Bovaird is still only two lanes wide as it runs through the still-rural west end of the city, widens to four lanes at Mississauga Road, then expands again to six east of the overpass over the CN Halton Subdivision until Airport Road

Castlemore Road

Castlemore Road is the eastern continuation of Bovaird Drive, through what was originally Toronto Gore Township. It is named after the former rural hamlet of Castlemore. East of Highway 50, it continues into Vaughan as Rutherford Road—not to be confused with the Rutherford Road in Brampton—. As Castlemore and Rutherford Roads did not originally line up at Highway 50, a new alignment of Castlemore was constructed to make the tie-in, with the bypassed section being renamed Old Castlemore Road.

Sandalwood Parkway

Sandalwood Parkway runs from Mississauga Road east to Airport Road. It was built in phases beginning in the late 1970s to serve the then-new Heart Lake neighbourhood.
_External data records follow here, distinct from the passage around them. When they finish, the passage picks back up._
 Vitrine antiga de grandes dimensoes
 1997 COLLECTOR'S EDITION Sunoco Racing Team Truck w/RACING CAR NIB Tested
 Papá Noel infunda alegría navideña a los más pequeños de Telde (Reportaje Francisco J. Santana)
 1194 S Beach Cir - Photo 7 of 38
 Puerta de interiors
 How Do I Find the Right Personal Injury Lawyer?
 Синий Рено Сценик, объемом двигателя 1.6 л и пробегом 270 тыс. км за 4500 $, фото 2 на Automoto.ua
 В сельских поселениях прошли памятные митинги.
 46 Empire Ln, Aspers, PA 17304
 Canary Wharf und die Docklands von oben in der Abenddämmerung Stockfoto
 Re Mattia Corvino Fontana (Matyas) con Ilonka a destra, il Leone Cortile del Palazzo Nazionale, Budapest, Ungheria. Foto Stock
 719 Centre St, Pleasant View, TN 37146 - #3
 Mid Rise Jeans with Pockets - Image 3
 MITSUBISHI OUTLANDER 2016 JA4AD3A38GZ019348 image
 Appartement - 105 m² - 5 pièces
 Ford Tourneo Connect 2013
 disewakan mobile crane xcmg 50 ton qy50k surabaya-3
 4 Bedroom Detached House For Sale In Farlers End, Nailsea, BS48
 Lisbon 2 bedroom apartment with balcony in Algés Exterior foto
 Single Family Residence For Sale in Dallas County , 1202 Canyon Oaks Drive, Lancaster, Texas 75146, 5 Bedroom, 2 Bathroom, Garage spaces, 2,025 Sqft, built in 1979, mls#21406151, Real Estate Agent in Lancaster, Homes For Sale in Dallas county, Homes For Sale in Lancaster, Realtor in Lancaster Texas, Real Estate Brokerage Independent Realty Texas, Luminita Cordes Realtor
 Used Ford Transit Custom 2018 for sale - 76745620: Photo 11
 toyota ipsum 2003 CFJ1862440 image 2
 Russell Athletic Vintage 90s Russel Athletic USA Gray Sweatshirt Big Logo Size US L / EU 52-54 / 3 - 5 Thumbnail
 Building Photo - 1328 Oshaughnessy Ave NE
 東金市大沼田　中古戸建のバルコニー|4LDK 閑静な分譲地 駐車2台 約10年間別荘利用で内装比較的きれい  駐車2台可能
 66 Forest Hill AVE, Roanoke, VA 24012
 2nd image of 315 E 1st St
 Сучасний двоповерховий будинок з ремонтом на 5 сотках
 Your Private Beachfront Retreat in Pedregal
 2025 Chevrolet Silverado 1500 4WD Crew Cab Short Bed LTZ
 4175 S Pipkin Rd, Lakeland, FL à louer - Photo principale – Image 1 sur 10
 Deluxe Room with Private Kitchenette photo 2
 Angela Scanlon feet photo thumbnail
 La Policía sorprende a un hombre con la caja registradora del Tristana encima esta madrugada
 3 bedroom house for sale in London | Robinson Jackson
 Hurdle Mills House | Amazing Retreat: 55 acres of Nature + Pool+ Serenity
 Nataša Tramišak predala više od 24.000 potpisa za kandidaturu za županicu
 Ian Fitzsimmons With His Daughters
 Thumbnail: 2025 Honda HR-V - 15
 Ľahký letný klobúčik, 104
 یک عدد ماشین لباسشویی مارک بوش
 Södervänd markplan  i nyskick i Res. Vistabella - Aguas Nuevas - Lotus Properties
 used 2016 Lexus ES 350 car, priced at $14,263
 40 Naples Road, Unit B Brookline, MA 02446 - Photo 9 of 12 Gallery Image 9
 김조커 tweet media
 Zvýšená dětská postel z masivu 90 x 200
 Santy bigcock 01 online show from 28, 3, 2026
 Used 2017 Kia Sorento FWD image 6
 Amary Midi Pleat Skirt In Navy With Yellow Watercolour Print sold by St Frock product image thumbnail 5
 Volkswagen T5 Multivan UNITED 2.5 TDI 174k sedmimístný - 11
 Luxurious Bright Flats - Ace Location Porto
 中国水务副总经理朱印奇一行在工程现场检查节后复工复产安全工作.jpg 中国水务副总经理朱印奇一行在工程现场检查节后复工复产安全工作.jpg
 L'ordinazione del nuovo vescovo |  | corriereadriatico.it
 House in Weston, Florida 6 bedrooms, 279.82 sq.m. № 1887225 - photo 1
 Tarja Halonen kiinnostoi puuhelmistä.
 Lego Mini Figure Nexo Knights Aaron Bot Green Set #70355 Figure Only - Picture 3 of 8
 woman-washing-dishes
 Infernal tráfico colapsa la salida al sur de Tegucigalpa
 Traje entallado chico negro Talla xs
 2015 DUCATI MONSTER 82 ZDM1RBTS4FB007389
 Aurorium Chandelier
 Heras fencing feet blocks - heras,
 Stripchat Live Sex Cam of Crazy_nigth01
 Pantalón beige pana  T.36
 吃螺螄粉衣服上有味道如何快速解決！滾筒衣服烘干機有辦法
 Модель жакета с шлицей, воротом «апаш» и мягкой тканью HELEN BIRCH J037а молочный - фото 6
Originally only consisting of a short section between Hurontario Street and Heart Lake Road, it was extended west of Hurontario in the mid-1980s, and a second, separate section was constructed between Dixie and Bramalea Roads in the early 1990s during construction of the Springdale neighbourhood, with the gap between Dixie and Heart Lake Roads being closed when a new overpass opened for traffic in November 2004, concurrent with the extension of Highway 410, with the final sections being completed later that decade. East of Airport Road, it becomes Humberwest Parkway and turns south.

Wanless Drive

Wanless Drive runs east from Winston Churchill Boulevard and runs east to Hurontario Street, where it continues east as Conservation Drive, a minor collector road that ends east of Kennedy Road Both roads are the western half of the original concession road that is broken by the Heart Lake Conservation Area, which resumes east of Heart Lake Road as Countryside Drive . The areas along the street were largely developed during 2010s, and the road is notable for having an unusually large number of stormwater management ponds along much of its length.

Countryside Drive

Countryside Drive is a resumption of the Wanless Drive baseline east of Heart Lake Road, running east to Highway 50. As of 2021, most of the area along the road corridor as far east as The Gore Road are under are either development or recently developed, but remains rural east of there to Highway 50.

Mayfield Road

Mayfield Road is designated as Peel Road 14 and marks the northern boundary of Brampton across the entire city with the Town of Caledon, except for the area around Hurontario Street, where it shifts north to include the entirety of Snelgrove, which straddles Mayfield, within Brampton. At 21.8 km long, it is the longest arterial in the city. Historically, most of Mayfield was not a municipal boundary, but ran through the centre of Chinguacousy Township, though it was the boundary between Toronto Gore and Albion Townships until 1974. Uniquely, the road is not divided into east and west sections, and address numbers follow the Caledon numbering system; starting at the city's western boundary and increasing as it runs eastward. Also, despite both being concession roads, the spacing between Mayfield and the adjacent Wanless/Countryside Drives is only about 1 km. Rural until the 2000s, the road's corridor is seeing rapid development as residential expansion encroaches from the south, mostly concentrated along the central section; mostly on the Brampton side, but also, to a lesser degree, on the Caledon side.